Compact Data Structures

Course leaders: Dr Travis Gagie and Dr Nicola Prezza

Home institutions: Universidad Diego Portales, Chile - University of Pisa, Italy

 

Course pre-requisite(s): Basic knowledge of algorithms, data structures and discrete mathematics.

Course Overview

The emerging field of compact data structures lies in the intersection of combinatorics, data compression and data structures, and addresses the problem of how we can store massive datasets space-efficiently while still supporting fast queries on them. Its practical important is growing in the current era of big data, as well as its theoretical depth and elegance.

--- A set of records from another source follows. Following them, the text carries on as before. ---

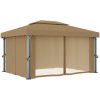 Paviljong med draperi 4x3 m taupe aluminium vidaXL – miniatyr 3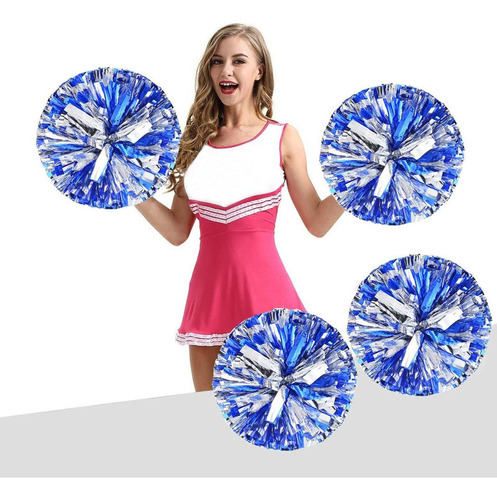 6 Piezas Pompones Porristas Para Animar Danza Deportiva Azul Color 6pcs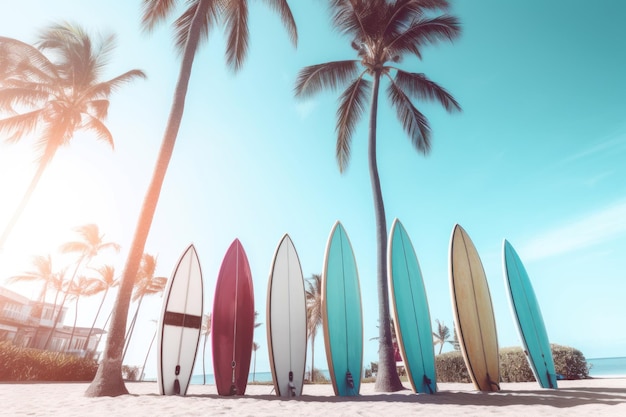 Row of surfboards on beach Generate Ai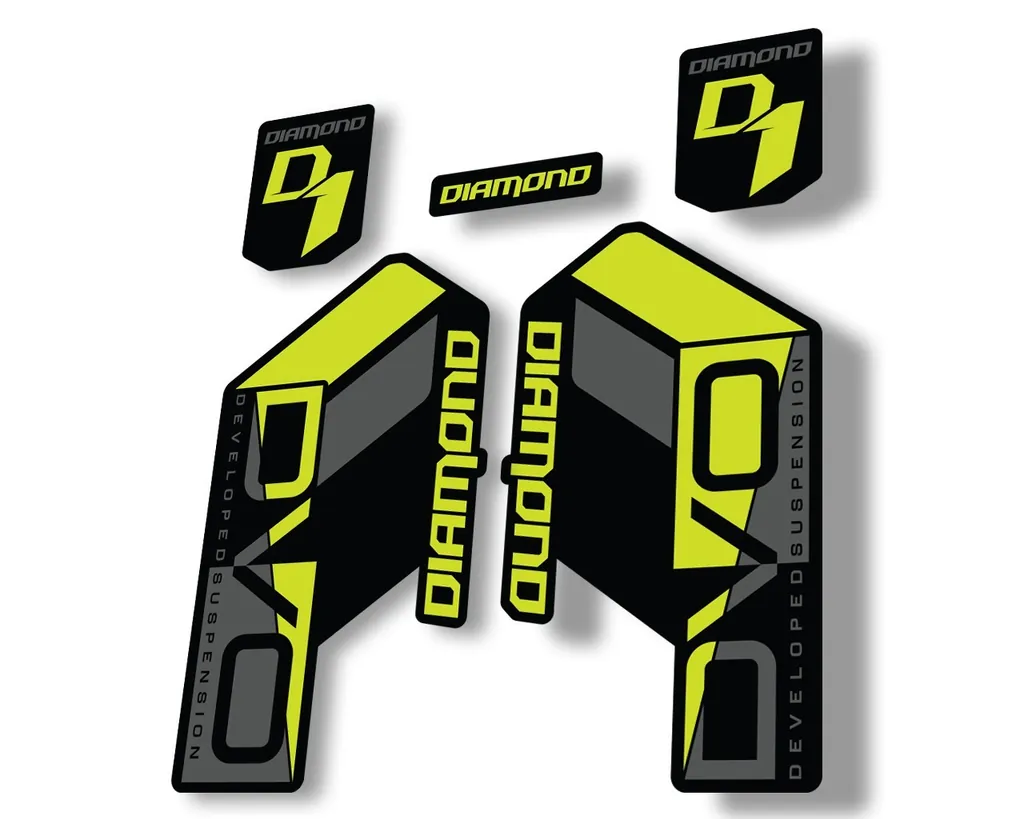 DVO Diamond Developed D1 2020 Fork Suspension Sticker Factory Decal Lime Green - 1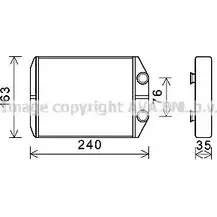 Радиатор печки, теплообменник AVA QUALITY COOLING 4045385213153 DAA6014 2020025 2D GI1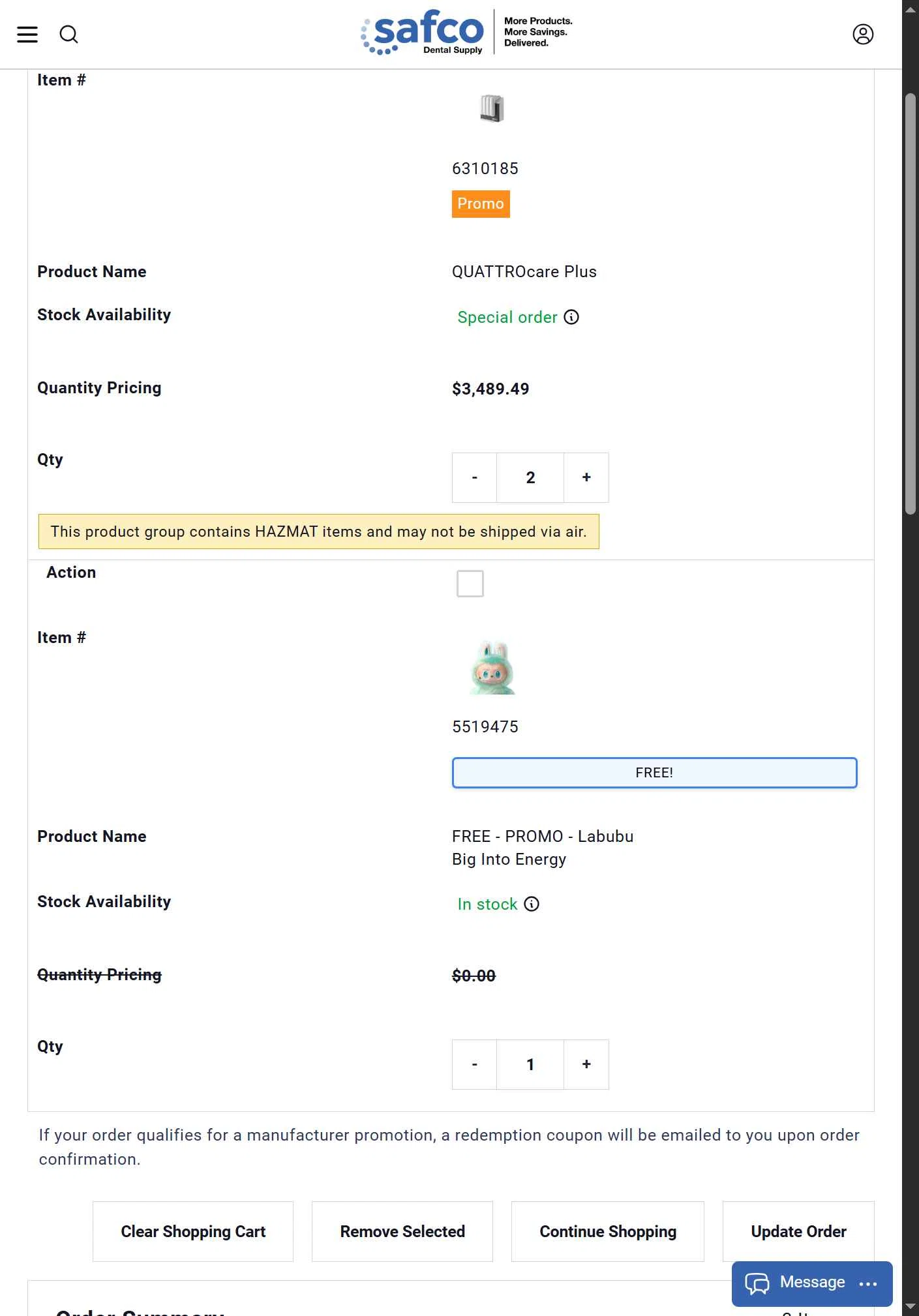 Safco Dental Supply checkout page showing Safco Dental Supply promo code box | Screenshot taken by SimplyCodes community member on Oct 3, 2025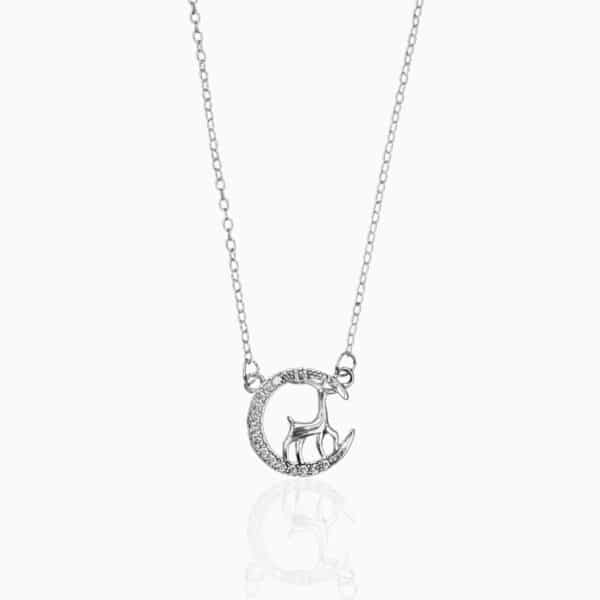 Silver Reindeer Moon Necklace 1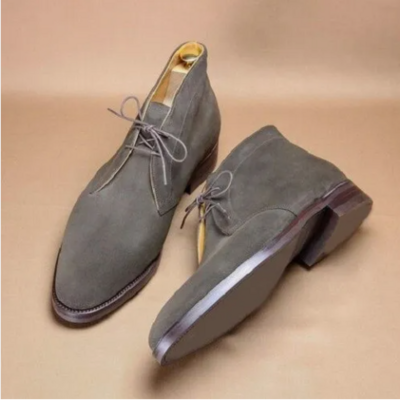 New men gray suede low ankle lace up dress boots, formal boots for men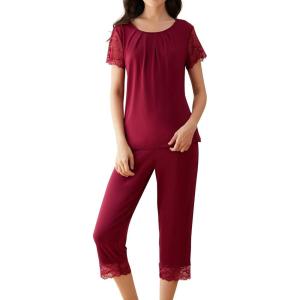imageWiWi Bamboo Viscose Pajamas for Women Soft Capri Pants Pajama Sets Plus Size Sleepwear Pjs Loungewear S4XCwine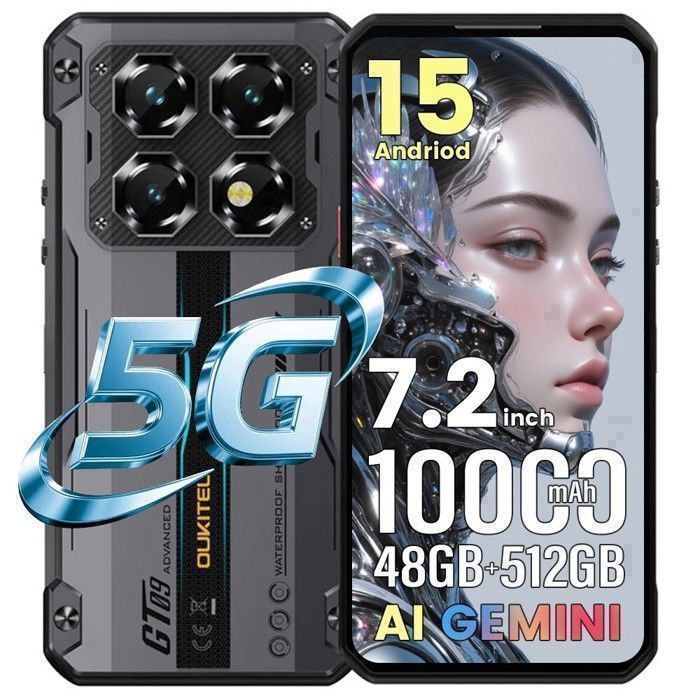 OUKITEL WP60 Rugged Smartphone 5G, 24GB+256GB/1TB Telefono Indistruttibile, 7.2 HD+ Rugged Phone, 108MP Telefono Rugged, 10000mAh Cellulare Antiurto, 5G Dual SIM/Face ID/NFC/Fingerprint, Nero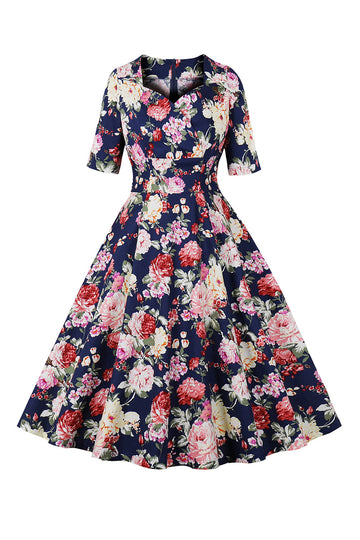 Navy Floral Printed Swing 1950-tallet kjole med korte ermer
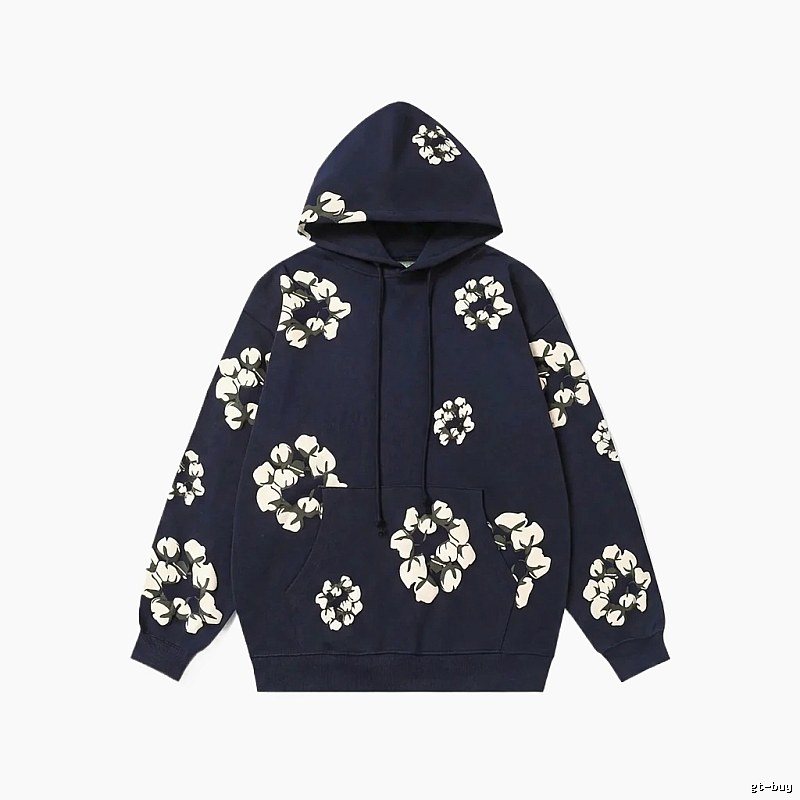 DENIM TEARS Floral Style Navy Blue Hoodie
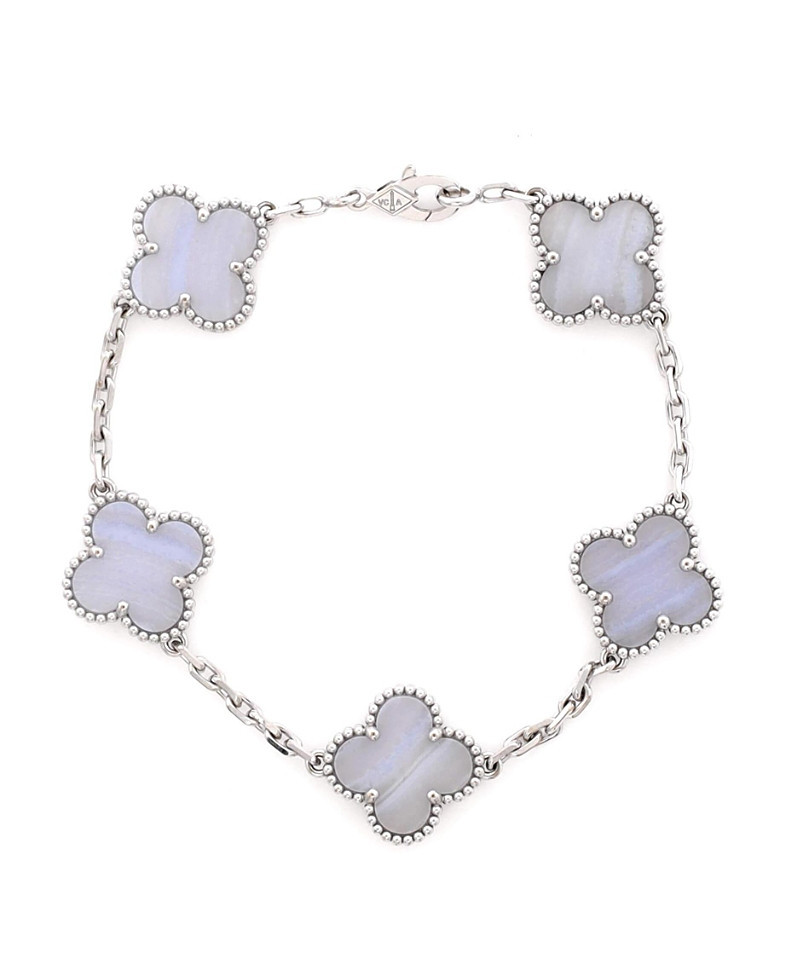 Pre-Owned Van Cleef & Arpels Vintage-Like Alhambra 5 Motifs Bracelet in 18K White Gold. Condition: Great. Collateral: Certificate of Authenticity, Signed Box, with a signed envelope | Bloomingdale's (US)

This course will follow Gonzalo Navarro's recent text, "Compact Data Structures: A Practical Approach". T

Learning Outcomes

By the end of the course the students should be able to give at least rough descriptions of the compact data structures they have seen and understand descriptions of new ones (so they can, e.g., review conference submissions on this topic). They should also be able to design simple extensions of the structures covered in the course and implement them using the Succinct Data Structure Library (SDSL). Finally, graduate students should be able to discuss open problems and pick a topic for a thesis project, if they wish to continue working in this area.

Course Content

The course will cover one chapter of the text per day:
1) Introduction (motivation, background, notation, SDSL, etc)
2) Entropy and Coding (Shannon's Theorem, Huffman coding, empirical entropy, Jensen's Inequality, etc)
3) Arrays (compact representations, gap coding, Elias-Fano coding, etc)
4) Bitvectors (compact binary strings supporting access, rank and select)
5) Permutations (compressed permutations supporting forward and reverse evaluation, fast exponentiation, etc)
6) Sequences (compact representations supporting access, rank and select)
7) Parentheses (sequences of balanced parentheses, used later to implement trees)
8) Trees (compact representations supporting fast navigation)
9) Graphs (compact representations of certain graph classes, web graphs, K^2-trees, etc)
10) Grids (compact range-reporting data structures, etc)
11) Texts (compressed suffix arrays, the Burrows-Wheeler Transform, FM-indexes, compressed suffix trees)
12) Dynamic Structures (dynamic versions of some of the static structures already covered)
13) Recent Trends (encodings, handling repetitive datasets, compact data structures in external memory --- and compact data structures developed since the text was published)

Instructional Method

The course will be based around daily lectures and homework assignments, which the students will be encourage to complete in pairs or small groups. Students will take turns presenting their solutions at the beginning of each class. Students will be expected to read chapters of the text in advance and engage in problem-solving discussions during the lectures.

Required Course Materials

The students will need access to a copy of Navarro's text, several physical copies and two online copies of which are available through the university library. All other required material will be distributed.

Assessment

There will be short homework assignments --- needing half an hour or so to complete --- each day from Monday to Thursday, with the answers being presented by the students at the beginning of the next class. Students will take turns presenting answers and homework marks will be based on their presentations. There will be longer assignments --- needing an hour or two, possibly with some programming --- over the weekends, which will be corrected by the instructors. There will be a 2-hour exam on the last day.